■ **Data below**:

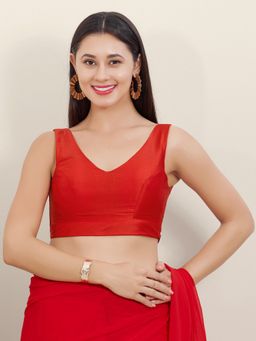 VAMAS - THE DESIGNER BLOUSES - Red Tafeta Silk Solid Stitched Blouse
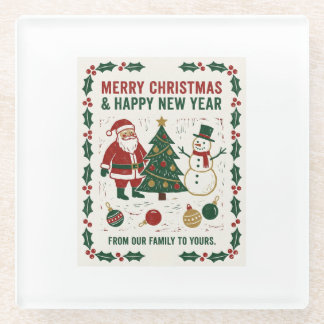 Posavasos De Vidrio Merry Christmas and a Happy New Year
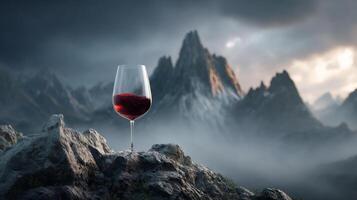 Glass of red wine on rocky cliff with misty mountain background, serene atmosphere photo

■ **Activity**:
An exact repeat of the listing above, pictures excluded, is the answer.

■ **Solution to the exercise**:
 VAMAS - THE DESIGNER BLOUSES - Red Tafeta Silk Solid Stitched Blouse
 Posavasos De Vidrio Merry Christmas and a Happy New Year
 Glass of red wine on rocky cliff with misty mountain background, serene atmosphere photo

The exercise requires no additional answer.